Very true. “The presence of the experiment will affect the outcome.” But if you can, in fact, presume that it does so in exactly the same way, the various test results will be comparable to each other, even though they will not match performance outside of the profiler.
That can, however, be a big “if.”
Many of the things which affect the perceived speed of an application are external to it; they are environmental. Only things such as these tend to produce a human-perceptible difference in speed for garden-variety applications (vs. say, the much more intensive ones that BrowserUK commonly deals with at his place of business). So you might be testing the virtual-storage system ... how fast your disks can thrash (if they are overloaded), or how long it takes to page-in a very large working set (after which performance probably will stabilize and speed-up considerably, but if you stop the test too soon you won’t know it). (The way I heard it said, by an actual biologist, was thus: “be sure that you are actually measuring the mice, not the temperature of the room or the color of your shirt.”)

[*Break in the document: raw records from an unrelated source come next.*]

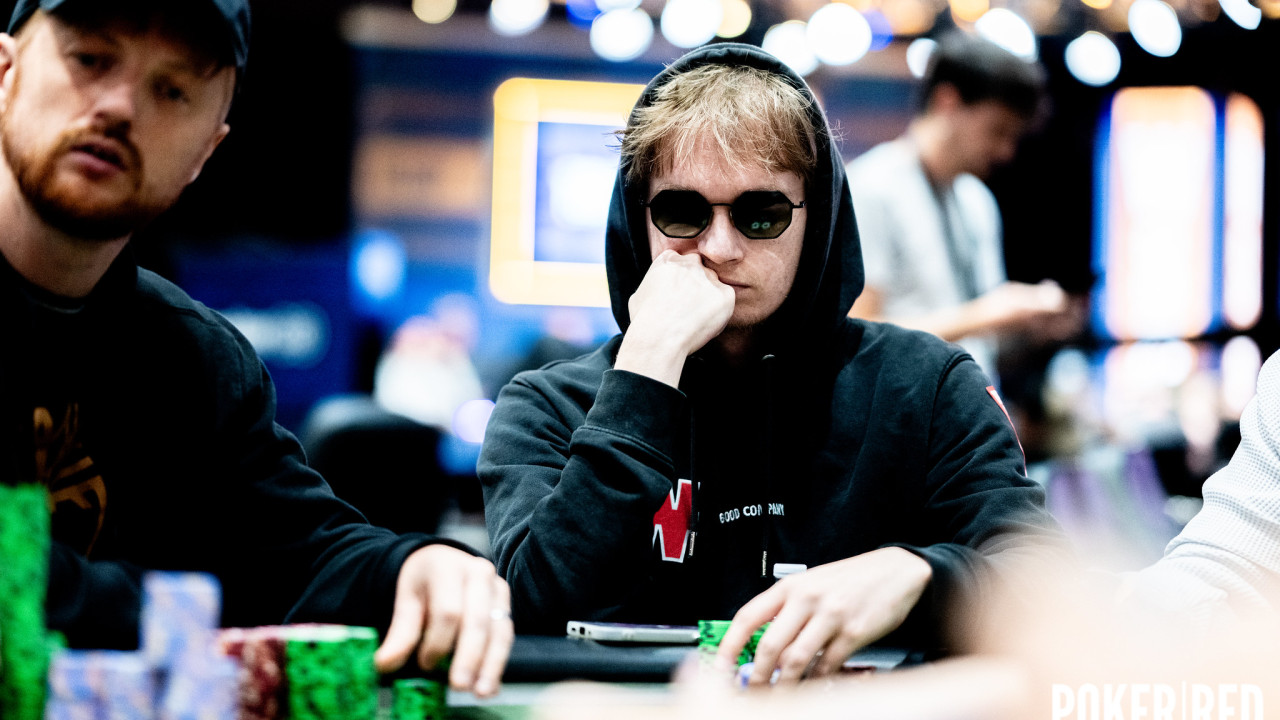 Se termina el sueño de Sam Jacubowicz de marcarse un Moneymaker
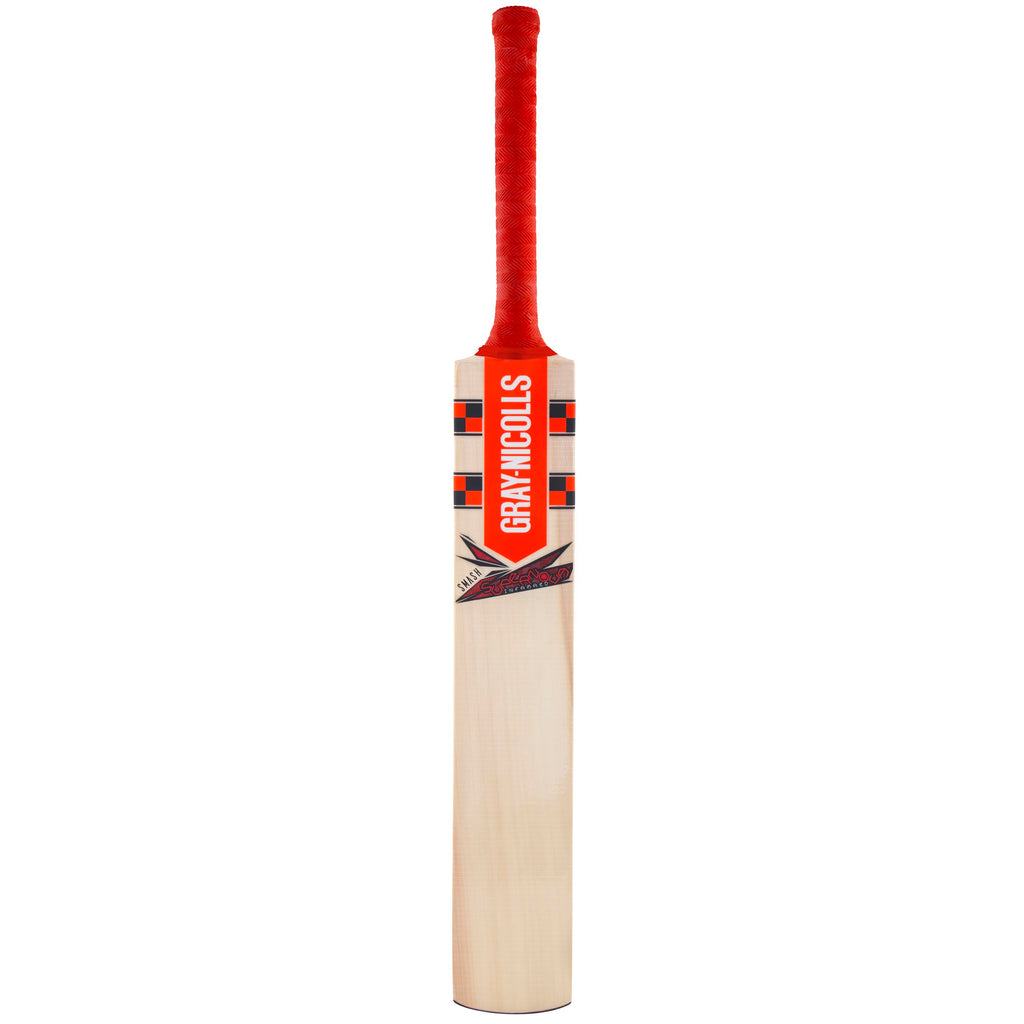 2600 CBCB19 1607307 Bat Supernova XP1 Smash Harrow Handle Front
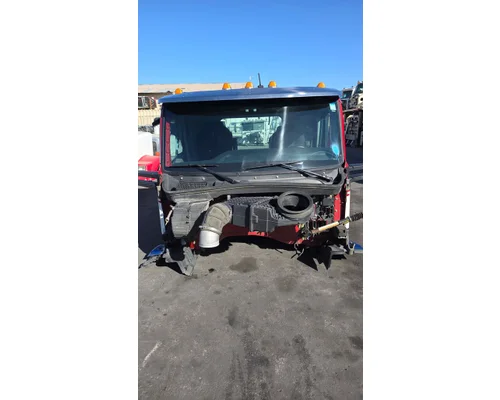 Cab KENWORTH T880 American Truck Salvage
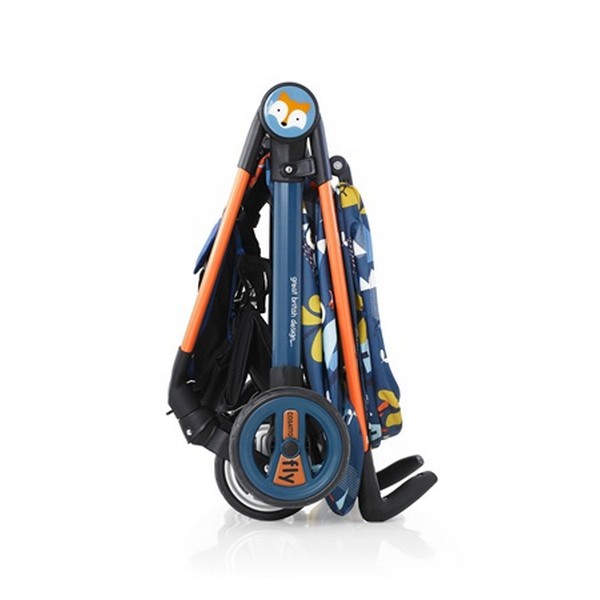 Продукт Cosatto Fly Travel System - Количка - 0 - BG Hlapeta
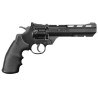 CROSMAN - REVOLVERS A AIR - REVOLVER VIGILANTE CO2 C4.5 4.4J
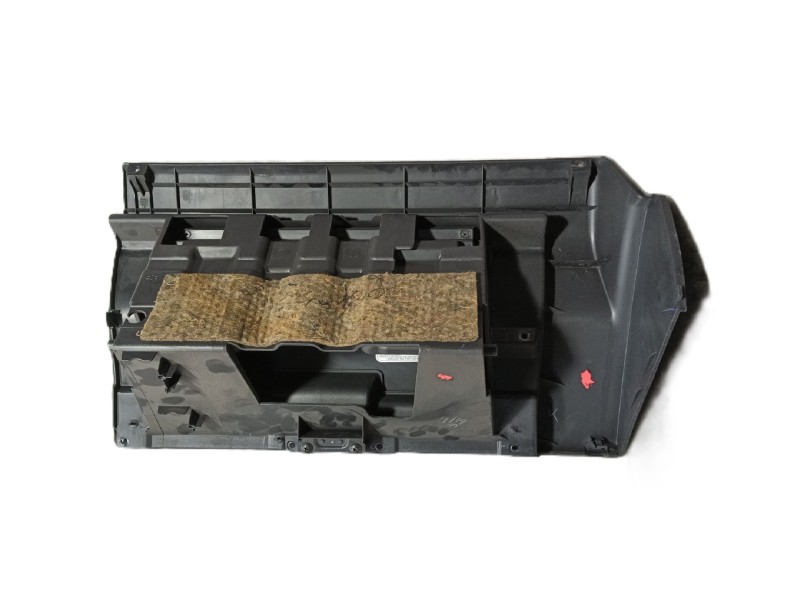 Recambio de guantera para nissan patrol gr v wagon (y61) 3.0 dti referencia OEM IAM   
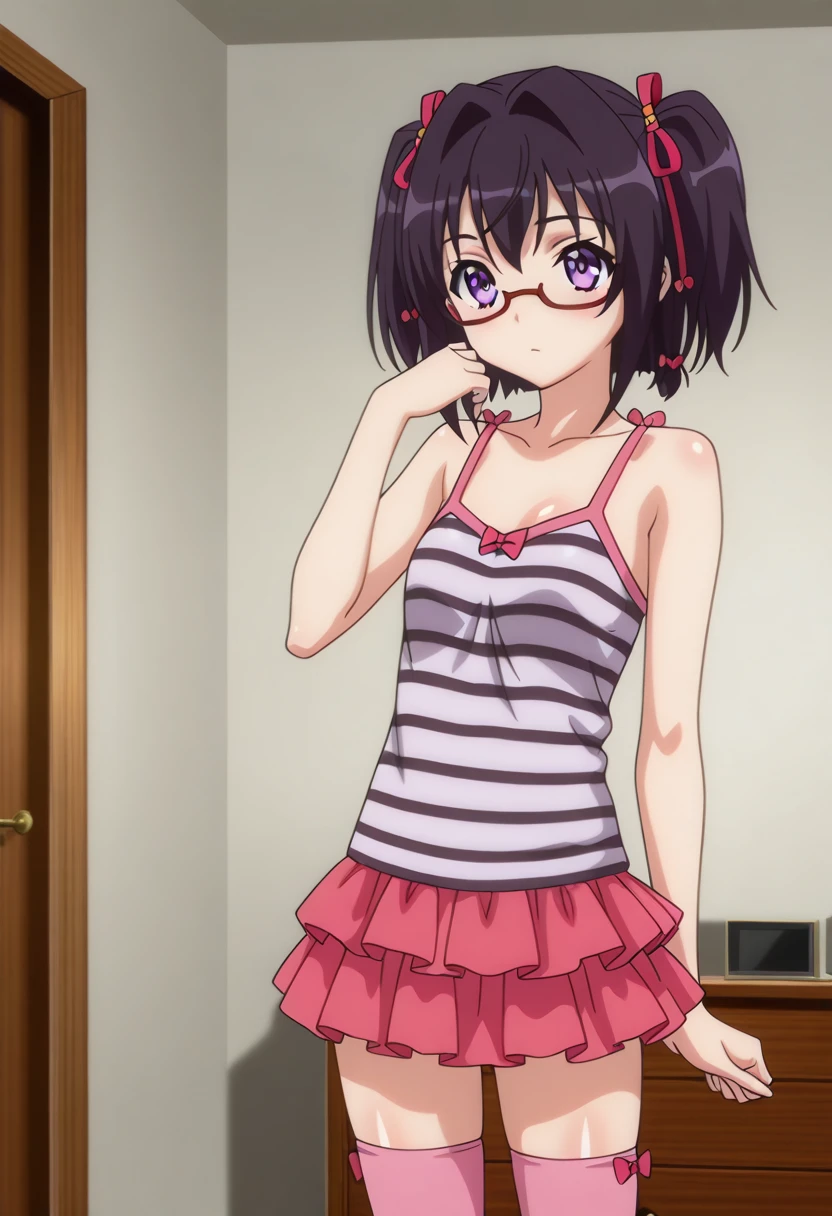 Baku Ane: Otouto Shibocchau zo! - Characters and Style - NatMontero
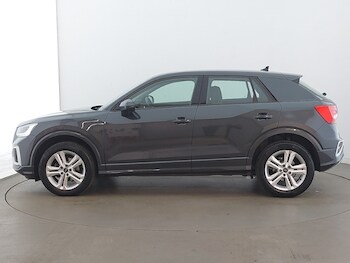 Used Audi Q2 2023 for sale - 78455328: Photo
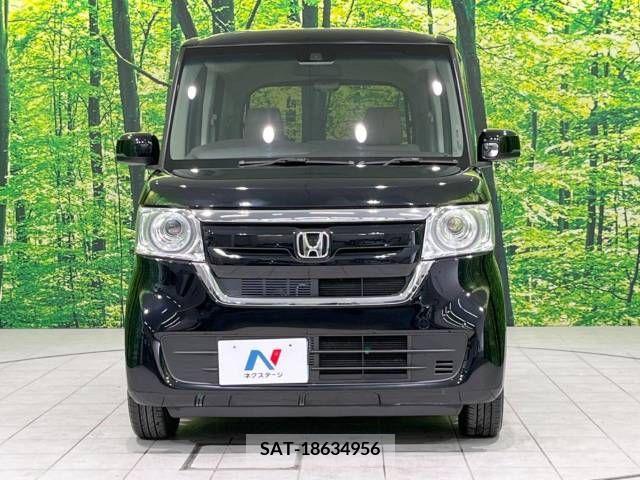 Honda N BOX 2017-09 229473-14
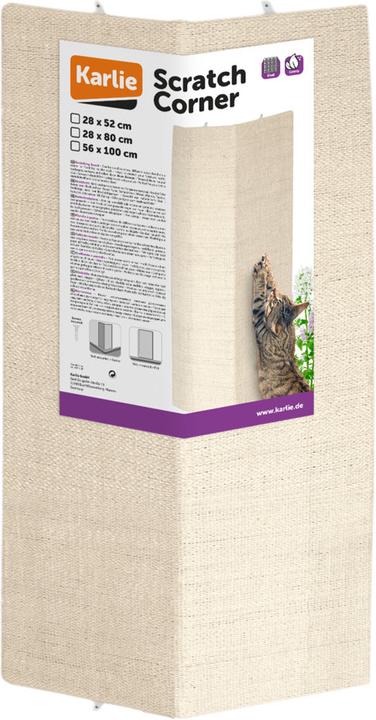 Image du produit Karlie Sisal (52 cm, Beige)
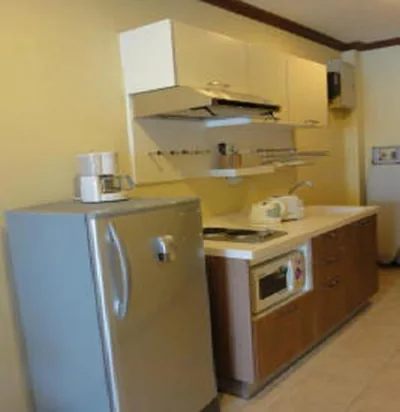 Patong Karlssons Hotel – Foto’s 9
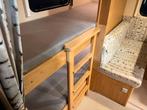 Caravelair 426 - MTM 1100, Caravanes & Camping, Jusqu'à 6, 750 - 1000 kg, Lit superposé transversal, Caravelair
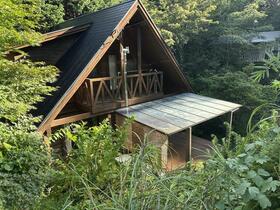 静岡県伊豆の国市奈古谷エメラルドタウン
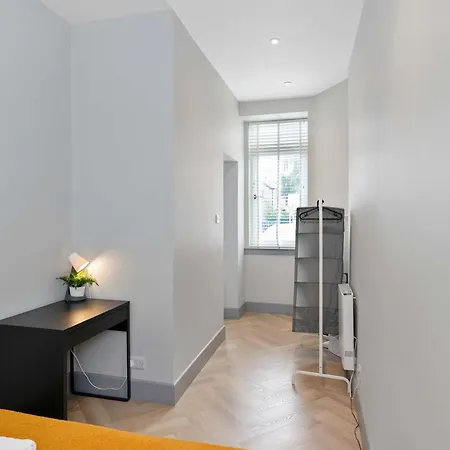 Apartment Centre & Shore - Free Parking -wifi Edinburgh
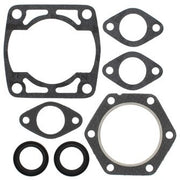 Complete Gasket Kit w/ Oil Seals Polaris Colt 250 FC/1 250cc 72 73 74 75 76 77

In addition, actual pragmatic performance is very dependent upon the pattern of inputs, which leads me often to find that macroeconomics produces more useable intelligence than microeconomics. Simply observing and logging the run time of “a complete job,” whatever that is, might be long-term more useful, and considerably easier. Unless you truly suspect that the performance hog is located in “a particular function or set of functions,” and can be measurably confined to it, it might not be terribly informative to profile on a function level.
I mostly use profiling to discover “hot spots” in unfamiliar code. Then, I look for ways to apply the advice in The Elements of Programming Style: “don’t diddle code to make it faster ... find a better algorithm.”